The second is deploying AI asymmetrically. AI’s power is in generating variation quickly: scanning option space, synthesizing existing knowledge, producing drafts. Its weakness is in final judgment on novel, high-stakes problems — precisely where diverse human perspectives and genuine disagreement are most valuable. High-performing AI-augmented teams tend to use AI heavily in divergent phases and keep humans firmly in the loop during convergent ones.

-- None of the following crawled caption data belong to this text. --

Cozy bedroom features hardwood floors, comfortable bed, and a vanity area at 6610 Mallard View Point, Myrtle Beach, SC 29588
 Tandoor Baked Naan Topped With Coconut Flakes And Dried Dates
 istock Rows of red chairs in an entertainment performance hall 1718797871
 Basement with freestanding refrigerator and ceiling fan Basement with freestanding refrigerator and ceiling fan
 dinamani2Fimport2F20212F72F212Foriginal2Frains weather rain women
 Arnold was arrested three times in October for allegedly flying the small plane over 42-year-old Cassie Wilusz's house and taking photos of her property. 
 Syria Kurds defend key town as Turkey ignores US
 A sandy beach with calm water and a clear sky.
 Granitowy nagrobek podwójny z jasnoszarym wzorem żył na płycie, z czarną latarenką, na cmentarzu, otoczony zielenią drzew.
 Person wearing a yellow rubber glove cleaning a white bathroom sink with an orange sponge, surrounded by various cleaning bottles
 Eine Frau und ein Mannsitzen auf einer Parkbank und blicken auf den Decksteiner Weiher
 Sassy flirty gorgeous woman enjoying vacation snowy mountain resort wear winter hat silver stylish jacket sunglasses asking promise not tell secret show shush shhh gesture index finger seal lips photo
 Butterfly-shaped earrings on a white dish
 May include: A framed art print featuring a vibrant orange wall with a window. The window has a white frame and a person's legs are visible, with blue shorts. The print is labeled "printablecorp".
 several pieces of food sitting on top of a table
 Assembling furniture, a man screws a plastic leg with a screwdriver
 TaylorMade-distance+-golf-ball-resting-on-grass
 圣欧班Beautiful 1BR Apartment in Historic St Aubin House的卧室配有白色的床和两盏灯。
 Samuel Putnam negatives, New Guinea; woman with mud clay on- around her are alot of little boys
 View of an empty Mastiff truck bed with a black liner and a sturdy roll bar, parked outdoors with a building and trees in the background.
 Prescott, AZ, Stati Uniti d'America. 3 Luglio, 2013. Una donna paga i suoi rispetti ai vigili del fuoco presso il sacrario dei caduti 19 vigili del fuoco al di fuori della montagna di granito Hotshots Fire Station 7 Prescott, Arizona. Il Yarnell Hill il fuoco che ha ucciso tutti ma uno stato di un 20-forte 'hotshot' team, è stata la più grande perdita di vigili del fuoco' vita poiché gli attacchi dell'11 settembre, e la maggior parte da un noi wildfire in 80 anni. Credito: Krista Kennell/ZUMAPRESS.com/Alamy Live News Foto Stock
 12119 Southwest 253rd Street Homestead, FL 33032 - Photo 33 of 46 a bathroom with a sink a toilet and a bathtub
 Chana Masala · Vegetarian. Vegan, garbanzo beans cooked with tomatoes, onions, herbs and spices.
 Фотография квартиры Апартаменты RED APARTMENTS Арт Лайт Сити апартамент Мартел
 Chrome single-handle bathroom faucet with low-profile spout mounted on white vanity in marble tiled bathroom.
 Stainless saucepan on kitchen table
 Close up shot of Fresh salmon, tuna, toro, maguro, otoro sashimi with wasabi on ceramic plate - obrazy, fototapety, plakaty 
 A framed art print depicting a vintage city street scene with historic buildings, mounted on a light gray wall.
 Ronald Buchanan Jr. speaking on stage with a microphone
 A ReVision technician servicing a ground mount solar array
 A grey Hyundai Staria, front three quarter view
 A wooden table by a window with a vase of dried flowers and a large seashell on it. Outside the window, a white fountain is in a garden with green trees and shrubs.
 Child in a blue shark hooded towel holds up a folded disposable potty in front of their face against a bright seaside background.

The third is building team meta-awareness. Teams need to track not just what they produce but how they think. Is the team reasoning through a hard problem or delegating it? Is disagreement happening because people have different views, or has AI-mediated consensus silenced the productive friction? These are not soft questions. They are indicators of where the team sits on the order-disorder spectrum.
The gap that matters
BCG’s research found that 72% of organizations have adopted AI in at least one function. Only 26% have scaled it to generate significant returns. That gap is not a technology problem. The technology is accessible, affordable, and capable. It’s a complexity-management problem. Most organizations are either deploying AI in ways that don’t move them toward the edge — bolting it onto frozen processes and measuring speed — or deploying it in ways that send them past it, trading resilience for throughput.
The teams that will outperform over the next decade are not the ones that adopted AI first. They’re the ones that learned to surf the edge — generating the variability and adaptive capacity that AI enables, while maintaining the internal coherence that makes genuine adaptation possible. That requires understanding what you’re actually managing: not a technology rollout, but the complex dynamics of a system in transition.
Kauffman’s insight was that the edge of chaos is not a destination. It’s a posture. You have to keep working to stay there.